Leadership is another part of the environment for consideration. The questions set by the Centrica directors are good ones. I would be happy to see these in action consistently. Supporting new starters in the organisation with more than just corporate induction seems like another excellent idea. This could be applied within health library networks (perhaps growing from the London Health Libraries induction) and might be a means to address some of the knowledge gaps created by staff turnover.

A number of examples are then discussed: a school, change at BNFL and the UN AIDS programme. I found the school example the most powerful in terms of the examples cited and the impact that sprang from them.

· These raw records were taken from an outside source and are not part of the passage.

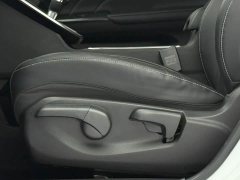 Haval M6 PLUS 1.5T DCT Luxury Smart Connected Edition - ფოტო 16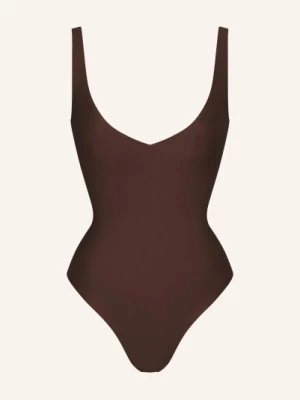 Obrázek produktu Skims Tvarující Body Skims Body cocoa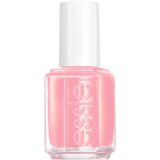 Essie Lak za nokte 18 Pink diamond | shoptok.hr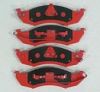 Brake Pad
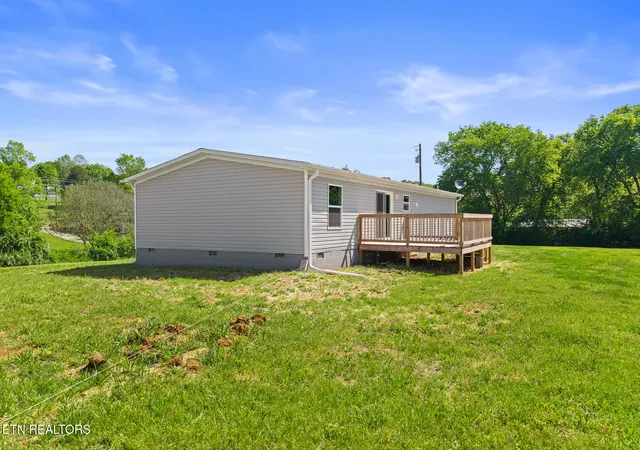 4th image of 217 Oakland Rd, Sweetwater, TN 37874 | MLS# 1337696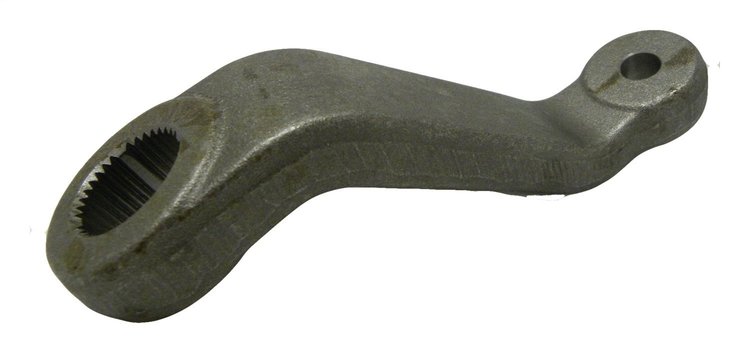 52000615 Pitman Arm for 1984-2006 Jeep Models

The chapter closes with a recap of the main seven threads to consider when preparing an environment for knowledge sharing / management. I find it interesting that in contrast to the chapter that treats technology first this is relegated to the final point on the list.

I am out of the office for a couple of days either side of the weekend so expect a later posting date for next weeks two chapters.

Monday, 13 October 2008

LtF Chapter 3: The holistic model

Freakishly quiet on the bus this morning. This was a good thing as the glorious weekend weather saw me do none of the reading I needed to for today. I did get to try out my new garden waste incinerator which I can heartily recommend. Moving swiftly on to the text...

The chapter looks to build a model that can then be modified to fit other situations. The model described is focused on learning throughout the progression from business objectives to results. Previously captured Knowledge is applied during the doing phase and renewed through and after it.

This seems fairly self evident to me but encouraging people to think in this way would be constructive. Research before actually launching into something is easily missed. Lessons learnt afterwards are far from regularly captured and shared. The how will be interesting. Perhaps a format for structured reflection that is then searchable and shared? I agree that success stories can lead to a positive cycle of sharing.

I think the key would be how you sustain these behaviours. I can see lots of opportunity for good intentions and interesting projects that then falter in the face of other pressures. Staff turnover would also be an issue leaving behind orphaned "knowledge assets" and an induction burden.

A closing quote "When we define where we want to be, all our actions turn out to be congruent with that place" reminds me of Irrationality by Stuart Sutherland. Well worth a read (if rather repetitious) Sutherland would rephrase this as "When we define where we want to be, we tend to ignore the evidence that does not fit with our view".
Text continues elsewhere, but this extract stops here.